The purpose of the Unified Modeling Language (hereinafter referred to as UML) is to provide a language-independent and platform independent modeling notation. UML tools are as versatile as the UML is foundational. This article serves as a primer for the basic concepts of UML while providing an understanding of the purposes of modeling. It is not meant to be a how-to manual, but links are provided, where appropriate, to take you to well-executed tutorials to illustrate the steps on how to use the UML features offered in the NetBeans IDE.

This article is written for those engineers who can never find time to model a project before starting to code and for those engineers who have not yet considered creating models of their systems prior to coding them. This article presents some methods and strategies to help you be more efficient and possibly even save time. The information in this article might even enable you to challenge the rationale, "We never have time to do it right, but always have time to do it again."

Contents

Introduction

At the coffee shop, when you envisioned "an amazing" piece of software, you excitedly grabbed a napkin and drew pictures to add clarity to your thoughts. Your pictures were most likely a collection of chicken scratches that meant nothing to anyone but yourself.

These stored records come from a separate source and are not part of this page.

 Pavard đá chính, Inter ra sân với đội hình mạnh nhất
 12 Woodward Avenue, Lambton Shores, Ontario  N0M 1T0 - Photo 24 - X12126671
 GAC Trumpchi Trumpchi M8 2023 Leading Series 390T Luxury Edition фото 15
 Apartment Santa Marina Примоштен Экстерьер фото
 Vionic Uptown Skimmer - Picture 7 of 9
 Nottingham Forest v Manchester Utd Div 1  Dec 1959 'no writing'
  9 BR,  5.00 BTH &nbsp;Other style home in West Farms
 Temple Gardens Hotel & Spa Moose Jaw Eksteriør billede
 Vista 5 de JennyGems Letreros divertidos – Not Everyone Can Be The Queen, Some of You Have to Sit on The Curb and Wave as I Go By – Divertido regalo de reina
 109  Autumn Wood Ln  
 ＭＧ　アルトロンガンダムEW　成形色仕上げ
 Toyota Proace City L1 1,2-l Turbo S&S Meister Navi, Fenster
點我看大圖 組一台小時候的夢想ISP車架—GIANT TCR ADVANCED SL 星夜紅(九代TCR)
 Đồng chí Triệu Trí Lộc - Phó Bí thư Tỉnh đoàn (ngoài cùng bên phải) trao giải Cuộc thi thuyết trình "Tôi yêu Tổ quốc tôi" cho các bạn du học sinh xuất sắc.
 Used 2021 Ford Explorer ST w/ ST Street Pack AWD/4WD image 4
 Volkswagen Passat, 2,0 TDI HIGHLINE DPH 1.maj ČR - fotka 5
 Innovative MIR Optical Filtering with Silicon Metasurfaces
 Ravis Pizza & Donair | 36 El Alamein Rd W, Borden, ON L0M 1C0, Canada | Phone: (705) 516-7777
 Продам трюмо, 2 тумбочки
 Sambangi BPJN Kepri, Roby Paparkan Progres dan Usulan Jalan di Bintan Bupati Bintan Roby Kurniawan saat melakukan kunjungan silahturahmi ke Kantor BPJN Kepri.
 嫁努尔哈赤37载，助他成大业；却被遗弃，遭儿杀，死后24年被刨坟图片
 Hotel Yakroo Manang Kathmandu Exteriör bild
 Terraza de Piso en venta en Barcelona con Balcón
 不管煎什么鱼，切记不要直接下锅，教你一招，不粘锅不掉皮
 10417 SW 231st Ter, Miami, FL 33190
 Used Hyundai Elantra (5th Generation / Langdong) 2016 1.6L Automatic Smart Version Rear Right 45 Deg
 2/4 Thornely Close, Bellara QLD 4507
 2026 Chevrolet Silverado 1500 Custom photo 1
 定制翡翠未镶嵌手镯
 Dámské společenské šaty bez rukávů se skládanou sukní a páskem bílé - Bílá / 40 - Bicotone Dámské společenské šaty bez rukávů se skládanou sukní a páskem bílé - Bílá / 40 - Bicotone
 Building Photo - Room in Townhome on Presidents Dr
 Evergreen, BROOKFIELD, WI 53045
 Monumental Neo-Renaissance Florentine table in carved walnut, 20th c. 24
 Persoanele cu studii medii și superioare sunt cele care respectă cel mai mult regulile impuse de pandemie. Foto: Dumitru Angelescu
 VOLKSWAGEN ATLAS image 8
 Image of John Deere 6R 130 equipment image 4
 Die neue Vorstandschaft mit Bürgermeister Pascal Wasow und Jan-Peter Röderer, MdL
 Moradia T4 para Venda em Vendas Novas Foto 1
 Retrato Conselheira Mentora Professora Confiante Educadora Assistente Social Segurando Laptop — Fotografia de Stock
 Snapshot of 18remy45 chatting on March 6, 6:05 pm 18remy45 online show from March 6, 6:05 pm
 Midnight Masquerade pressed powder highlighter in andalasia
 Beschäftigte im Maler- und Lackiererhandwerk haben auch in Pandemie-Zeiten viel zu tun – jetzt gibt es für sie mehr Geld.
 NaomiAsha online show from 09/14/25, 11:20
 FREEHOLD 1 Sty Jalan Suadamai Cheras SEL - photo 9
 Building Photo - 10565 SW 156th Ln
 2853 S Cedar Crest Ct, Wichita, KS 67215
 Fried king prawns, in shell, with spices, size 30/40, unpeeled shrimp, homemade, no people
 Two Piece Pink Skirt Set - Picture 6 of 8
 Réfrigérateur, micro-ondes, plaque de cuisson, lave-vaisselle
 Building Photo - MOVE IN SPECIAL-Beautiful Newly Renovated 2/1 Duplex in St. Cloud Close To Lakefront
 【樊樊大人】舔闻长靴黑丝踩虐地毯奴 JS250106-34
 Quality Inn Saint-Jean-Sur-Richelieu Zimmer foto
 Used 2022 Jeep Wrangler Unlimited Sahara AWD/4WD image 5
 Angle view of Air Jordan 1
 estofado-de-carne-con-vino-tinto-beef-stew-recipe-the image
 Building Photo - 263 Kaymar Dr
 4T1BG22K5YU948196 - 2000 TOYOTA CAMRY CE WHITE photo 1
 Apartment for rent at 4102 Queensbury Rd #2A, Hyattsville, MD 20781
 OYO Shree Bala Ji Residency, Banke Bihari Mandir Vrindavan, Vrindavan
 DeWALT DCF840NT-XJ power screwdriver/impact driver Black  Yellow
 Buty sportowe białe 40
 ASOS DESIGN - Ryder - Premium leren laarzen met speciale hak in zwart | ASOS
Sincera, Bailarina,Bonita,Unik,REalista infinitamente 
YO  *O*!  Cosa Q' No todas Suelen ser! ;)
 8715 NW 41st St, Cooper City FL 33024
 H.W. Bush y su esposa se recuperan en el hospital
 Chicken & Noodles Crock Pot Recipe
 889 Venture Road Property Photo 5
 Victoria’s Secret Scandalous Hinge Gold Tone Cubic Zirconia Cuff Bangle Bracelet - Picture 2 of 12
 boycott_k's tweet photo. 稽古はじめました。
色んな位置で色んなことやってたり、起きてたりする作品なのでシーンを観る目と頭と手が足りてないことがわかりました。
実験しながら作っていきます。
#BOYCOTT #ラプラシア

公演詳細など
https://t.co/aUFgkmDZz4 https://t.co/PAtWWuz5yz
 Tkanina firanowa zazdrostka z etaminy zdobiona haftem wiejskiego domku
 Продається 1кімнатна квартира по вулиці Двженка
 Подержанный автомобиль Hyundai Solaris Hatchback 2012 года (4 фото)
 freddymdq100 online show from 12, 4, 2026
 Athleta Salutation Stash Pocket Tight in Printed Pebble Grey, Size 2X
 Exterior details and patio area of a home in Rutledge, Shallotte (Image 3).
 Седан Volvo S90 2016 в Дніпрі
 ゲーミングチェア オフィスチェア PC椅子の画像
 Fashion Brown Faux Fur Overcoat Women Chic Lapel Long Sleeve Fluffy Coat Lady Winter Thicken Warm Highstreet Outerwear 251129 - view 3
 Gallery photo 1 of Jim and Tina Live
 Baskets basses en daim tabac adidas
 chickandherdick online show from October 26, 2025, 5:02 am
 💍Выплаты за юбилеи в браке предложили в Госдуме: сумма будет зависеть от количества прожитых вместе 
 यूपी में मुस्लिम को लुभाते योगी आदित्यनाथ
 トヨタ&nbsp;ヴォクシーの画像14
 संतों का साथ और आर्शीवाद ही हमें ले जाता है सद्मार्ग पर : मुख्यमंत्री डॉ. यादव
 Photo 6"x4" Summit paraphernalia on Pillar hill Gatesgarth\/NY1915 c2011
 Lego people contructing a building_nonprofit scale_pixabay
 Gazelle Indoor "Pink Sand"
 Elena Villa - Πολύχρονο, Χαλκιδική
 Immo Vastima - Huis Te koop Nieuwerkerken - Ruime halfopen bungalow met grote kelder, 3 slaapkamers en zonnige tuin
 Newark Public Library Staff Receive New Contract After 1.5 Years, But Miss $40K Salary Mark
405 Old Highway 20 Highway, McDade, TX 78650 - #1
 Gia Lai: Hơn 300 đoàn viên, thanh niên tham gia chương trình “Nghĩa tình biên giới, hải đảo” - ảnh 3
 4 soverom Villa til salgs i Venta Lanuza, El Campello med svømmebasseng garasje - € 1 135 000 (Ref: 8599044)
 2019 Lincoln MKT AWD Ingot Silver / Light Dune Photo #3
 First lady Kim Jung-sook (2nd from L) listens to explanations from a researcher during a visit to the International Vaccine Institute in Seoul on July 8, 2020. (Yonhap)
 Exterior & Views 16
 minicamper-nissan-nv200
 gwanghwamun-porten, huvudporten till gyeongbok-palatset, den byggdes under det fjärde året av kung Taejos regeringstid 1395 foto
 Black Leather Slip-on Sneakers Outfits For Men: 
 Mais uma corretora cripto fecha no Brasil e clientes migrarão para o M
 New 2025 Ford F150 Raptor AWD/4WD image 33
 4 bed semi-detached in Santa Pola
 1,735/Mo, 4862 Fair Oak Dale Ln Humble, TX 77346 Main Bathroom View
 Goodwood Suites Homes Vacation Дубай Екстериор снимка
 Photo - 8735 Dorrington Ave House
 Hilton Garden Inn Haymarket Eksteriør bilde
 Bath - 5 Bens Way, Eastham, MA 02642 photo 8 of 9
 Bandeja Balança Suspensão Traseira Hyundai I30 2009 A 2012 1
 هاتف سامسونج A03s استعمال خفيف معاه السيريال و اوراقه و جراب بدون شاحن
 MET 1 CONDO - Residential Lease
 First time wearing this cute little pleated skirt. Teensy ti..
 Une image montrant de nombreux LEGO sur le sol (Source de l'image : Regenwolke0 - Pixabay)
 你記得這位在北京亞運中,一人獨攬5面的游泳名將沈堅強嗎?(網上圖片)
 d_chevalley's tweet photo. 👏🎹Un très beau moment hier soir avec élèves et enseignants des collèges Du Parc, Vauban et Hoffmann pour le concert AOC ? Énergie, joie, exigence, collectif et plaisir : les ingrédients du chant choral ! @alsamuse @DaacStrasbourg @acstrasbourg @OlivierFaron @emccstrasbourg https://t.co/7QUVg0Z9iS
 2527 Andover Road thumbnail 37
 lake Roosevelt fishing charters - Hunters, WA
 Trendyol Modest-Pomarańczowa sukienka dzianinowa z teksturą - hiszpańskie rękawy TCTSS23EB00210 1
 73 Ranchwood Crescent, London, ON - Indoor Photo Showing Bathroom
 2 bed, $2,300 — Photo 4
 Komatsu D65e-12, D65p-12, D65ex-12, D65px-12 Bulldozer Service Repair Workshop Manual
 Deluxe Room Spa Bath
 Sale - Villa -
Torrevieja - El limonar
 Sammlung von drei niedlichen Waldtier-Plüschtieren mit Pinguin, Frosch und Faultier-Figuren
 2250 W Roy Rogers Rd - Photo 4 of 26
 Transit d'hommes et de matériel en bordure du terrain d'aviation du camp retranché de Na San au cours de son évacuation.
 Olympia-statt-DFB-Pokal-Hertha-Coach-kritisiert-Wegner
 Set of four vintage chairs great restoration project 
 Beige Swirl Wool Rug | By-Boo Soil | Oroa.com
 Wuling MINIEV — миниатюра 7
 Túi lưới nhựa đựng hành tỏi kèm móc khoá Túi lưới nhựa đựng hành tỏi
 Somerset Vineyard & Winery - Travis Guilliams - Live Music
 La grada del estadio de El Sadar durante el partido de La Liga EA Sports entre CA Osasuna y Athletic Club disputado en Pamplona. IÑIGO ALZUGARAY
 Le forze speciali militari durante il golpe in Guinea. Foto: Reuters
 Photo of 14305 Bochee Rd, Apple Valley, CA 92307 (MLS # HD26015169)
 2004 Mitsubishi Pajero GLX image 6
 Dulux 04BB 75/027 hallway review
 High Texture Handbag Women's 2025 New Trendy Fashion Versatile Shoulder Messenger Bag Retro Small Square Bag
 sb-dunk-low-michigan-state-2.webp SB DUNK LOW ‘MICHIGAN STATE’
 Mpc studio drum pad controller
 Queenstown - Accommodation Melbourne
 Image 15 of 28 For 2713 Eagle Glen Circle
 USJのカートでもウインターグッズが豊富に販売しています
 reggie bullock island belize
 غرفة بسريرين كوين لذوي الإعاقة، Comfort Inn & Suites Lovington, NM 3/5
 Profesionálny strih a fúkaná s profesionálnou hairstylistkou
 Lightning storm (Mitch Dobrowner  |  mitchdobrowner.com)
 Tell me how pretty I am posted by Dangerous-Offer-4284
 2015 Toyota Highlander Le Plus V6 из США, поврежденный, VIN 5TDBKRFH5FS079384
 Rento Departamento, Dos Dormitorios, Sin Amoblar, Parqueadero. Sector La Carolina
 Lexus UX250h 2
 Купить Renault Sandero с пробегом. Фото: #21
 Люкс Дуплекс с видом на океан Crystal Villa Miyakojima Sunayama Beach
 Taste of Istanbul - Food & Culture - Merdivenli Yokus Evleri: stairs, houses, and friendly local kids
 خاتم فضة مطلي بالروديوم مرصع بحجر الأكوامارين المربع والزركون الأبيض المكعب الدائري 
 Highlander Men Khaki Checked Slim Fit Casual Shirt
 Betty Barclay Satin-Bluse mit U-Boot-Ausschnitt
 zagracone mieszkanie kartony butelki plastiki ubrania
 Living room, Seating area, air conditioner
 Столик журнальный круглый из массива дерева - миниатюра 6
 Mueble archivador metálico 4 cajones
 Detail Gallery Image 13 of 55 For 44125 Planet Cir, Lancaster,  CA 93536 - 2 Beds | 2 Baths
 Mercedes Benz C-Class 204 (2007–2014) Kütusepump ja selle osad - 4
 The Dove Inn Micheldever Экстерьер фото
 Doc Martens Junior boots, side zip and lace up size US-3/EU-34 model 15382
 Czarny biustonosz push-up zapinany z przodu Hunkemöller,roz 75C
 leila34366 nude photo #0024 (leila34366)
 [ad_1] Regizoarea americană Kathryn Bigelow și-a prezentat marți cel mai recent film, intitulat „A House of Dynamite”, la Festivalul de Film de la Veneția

But it did mean something to you: Those chicken scratches were the explanation of an idea that you might dedicate the next two years of your life to seeing realized. What you created was a rudimentary model. In your mind, the boxes represented one element, while the circles, triangles and lines represented another element. You invented a modeling language on the back of a napkin. If you could just compile and run the napkin, you would be done. This is not as impossible as it might sound. If you spent the next couple of months teaching the computer what each napkin object represented and how to generate source code for each object, compiling the napkin would be possible.

Throughout the last 25 years of napkin modeling, a handful of very good modeling languages have been created. Enter the Unified Modeling Language (UML). Modelers gathered all their napkins and agreed on the definitions of each object and the relationships between the objects. With this Unified Modeling Language, language-specific programmers started developing templates to create code for the different objects. Now, as long as you draw objects on your napkin that are part of UML, your napkin can be compiled.

"Why should I model?" This is a great question! In this article, two answers are submitted for your consideration: Think of them as UML use cases. The first answer, under “Compiling the Napkin,” focuses on the engineer sketching ideas on the whiteboard or coffee shop napkin. The objective of this section is to show you the benefits of modeling during the planning stages of your project. Multiple tutorials linked throughout the section can lead you through the details of performing the modeling.

The second answer to “why model” question, found in “What Were They Thinking” section, focuses on that frustrated sustaining engineer who was handed 300,000 lines of code and given the task to maintain it and fix bugs. He is happy to see that the original programmer knew about packages, but still does not see how it all fits together. If this is you and you are visual, you long to see a diagram of the system to get an idea of what the original programmer was thinking. This is a common use case for UML tools. You effectively parse the code to create a model (called “reverse engineering”), from which you can create diagrams.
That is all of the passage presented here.